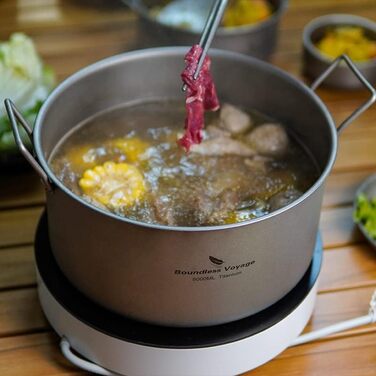 Титановий кемпінговий горщик Відкритий посуд Супи в приміщенні Гаряча каструля Портативний порожнистий посуд з кришкою та відкидною ручкою Легкий посуд для походів для пікніка Кухонний посуд Каструля великої місткості (5000 мл Ti2104c)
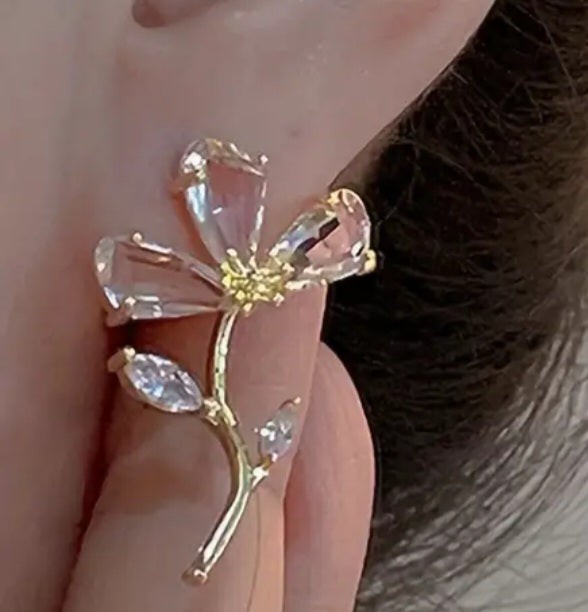 Crystal Glass Gold Plated Flower Petal Design Dainty Large Stud Earrings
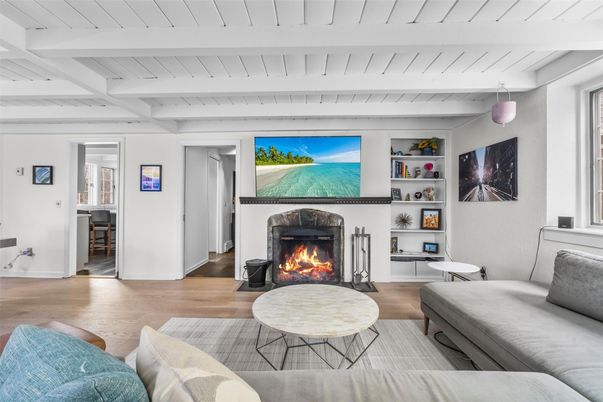 Fireplace, Interior, Living room, Pendant Lights, Wood Texture Flooring
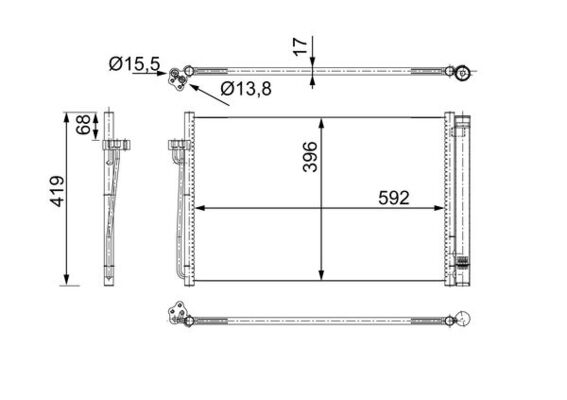 Condenser, air conditioning - AC 344 000S MAHLE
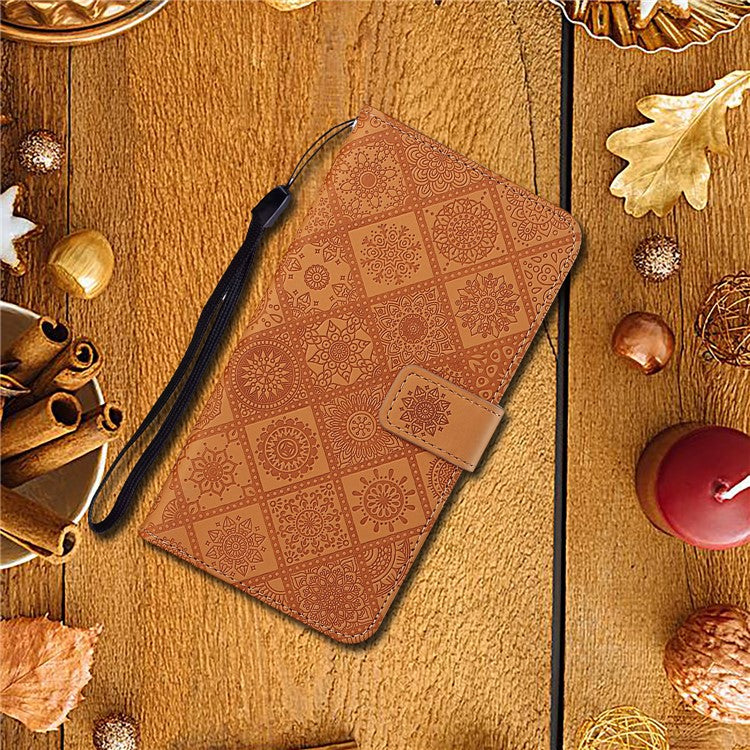 Stand Feature Ethnic Style Imprinted Flower PU Leather Magnetic Flip Shockproof Protective Case with Strap for Oppo A16 - Brown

◇ ◇ ◇ ◇

# Task item:
The records above must be output exactly, except for the pictures.

# Task solution:
 Титановий кемпінговий горщик Відкритий посуд Супи в приміщенні Гаряча каструля Портативний порожнистий посуд з кришкою та відкидною ручкою Легкий посуд для походів для пікніка Кухонний посуд Каструля великої місткості (5000 мл Ti2104c)
 Crystal Glass Gold Plated Flower Petal Design Dainty Large Stud Earrings
 Fireplace, Interior, Living room, Pendant Lights, Wood Texture Flooring
 Condenser, air conditioning - AC 344 000S MAHLE
 Stand Feature Ethnic Style Imprinted Flower PU Leather Magnetic Flip Shockproof Protective Case with Strap for Oppo A16 - Brown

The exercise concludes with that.